Every day, I spend nearly two and a half hours on public transit. It’s scary to think that at any given day, I could be the reason for a subway delay.
Public transportation is, in and of itself, unsafe. You’re exposed to a lot of people in a crowded space, so it goes without saying that you need to stay alert, hold on to your belongings and watch out for suspicious activity. But lately, I have found myself keeping an eye out for just about everyone.
With the significant rise in random, unprovoked, violent and sometimes fatal attacks within the Toronto transit system, it's no wonder that I've been increasingly on edge.
I used to put my noise cancelling headphones on to calm my anxiety of travelling on public transit but now I have to keep listening for threats of violence or raised voices. I have to be vigilant so I don't get randomly assaulted, stabbed, set on fire or pushed onto the tracks. All of which has actually happened to other random, innocent individuals much like myself.

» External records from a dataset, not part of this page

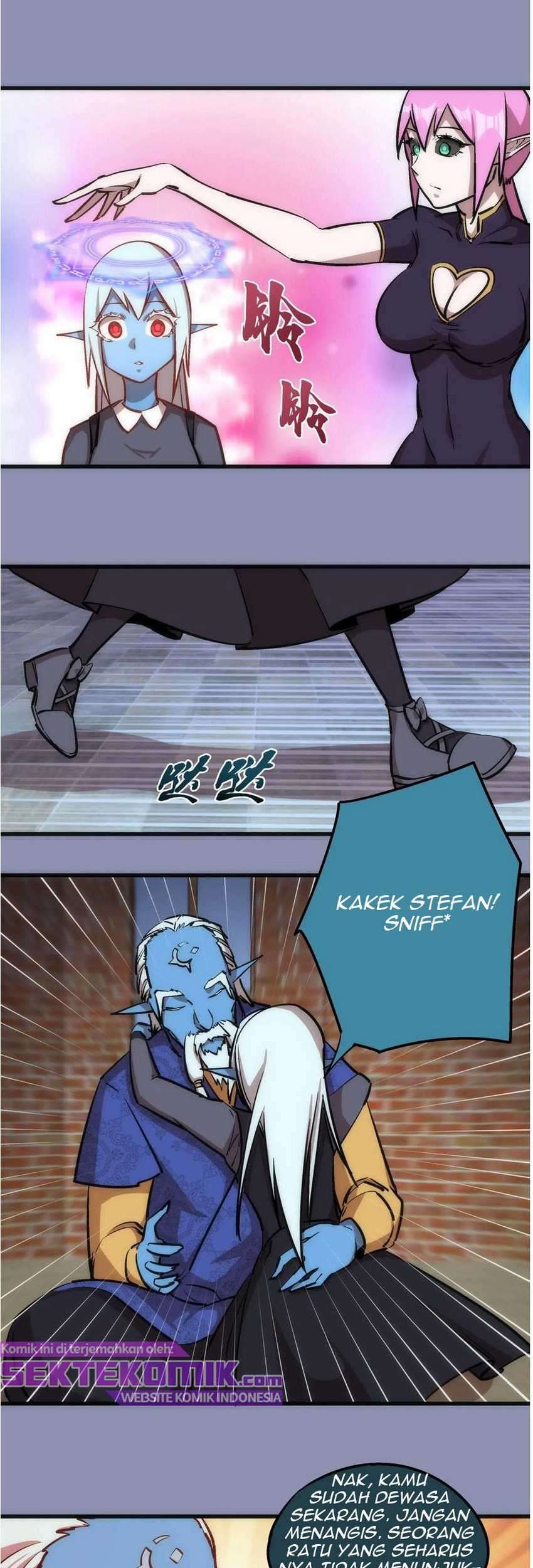I’m Not The Overlord Chapter 39 Gambar 19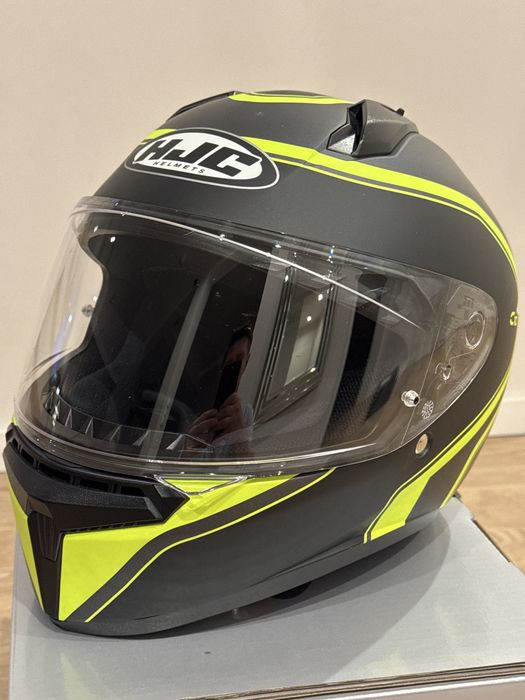Sprzedam Kask HJC C10  S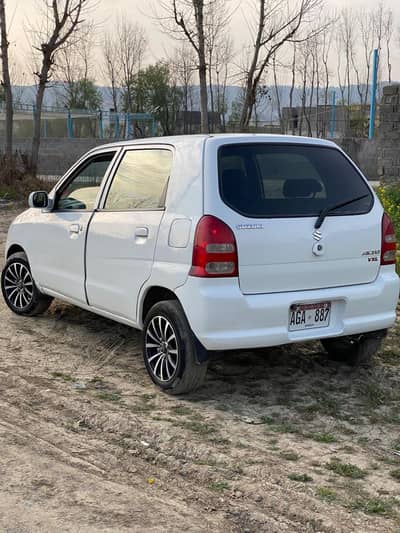 660 cc Alto automatic for sale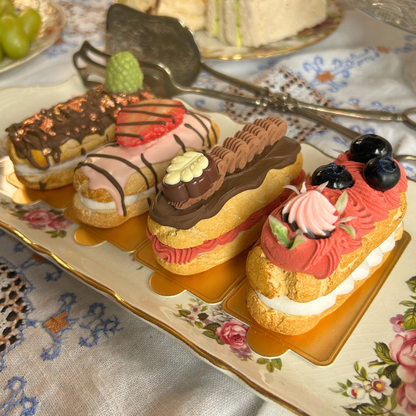 Mini Boujee Éclairs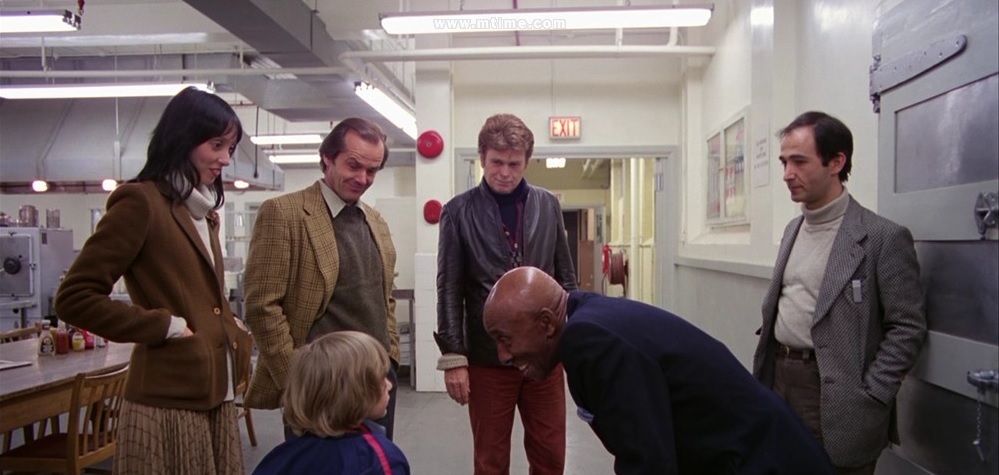 恐怖片电影推荐闪灵,最经典的恐怖片闪灵凝视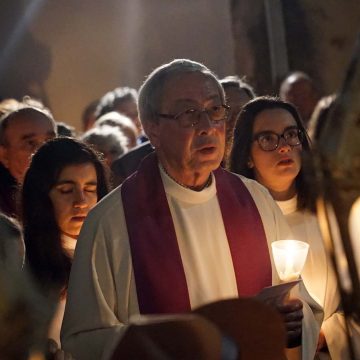 Padre José Abílio lança desafio à população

It's no coincidence that violence in the transit system has gone up as numerous shelters continue to be shut down. Watching homeless camps get demolished and seeing the last items of someone’s life be forcefully taken and thrown away keeps me wondering:
what results does the city expect?
Those without a home end up seeking shelter from the cold in transit stations as a last resort.
Instead of helping people in need, the city sees them as a problem that must be “removed” and “dealt with”. Dealing with this issue is not putting officers in the subway. Because what are these police officers going to do? Respond to violence with more violence?
I’m sure I’m not the only one that feels even more unsafe with the presence of officers in the subway. If I get assaulted (and I almost have been), the tackling and arresting of my attacker would actually traumatize me more. That wouldn’t better the situation and I know that many of those who resort to these violent and often senseless attacks are those that the system has failed to help. This is their cry for help that is more often than not, left unanswered.
I would much rather not be assaulted in the first place. I would rather know that the city is taking preventative measures because going to work or school shouldn’t feel like a roulette game. I am an at-risk female that lives alone, my life is unsafe as it is and I knew this when I was leaving my abusive family. I knew that seeking a better life on my own would be risky at times, but going to school shouldn’t be a risk. Staying in an abusive environment shouldn’t be the safer option. It’s scary to think that my life depends on a stranger’s ability to not act on their intrusive thoughts.
I hope these unprovoked attacks stop but more importantly, I hope that putting officers in the subway is not the only course of action that the city taking. I hope that the city will be able to see these attacks for what they truly are and give resources to those who need it most because only then will we all truly feel safer.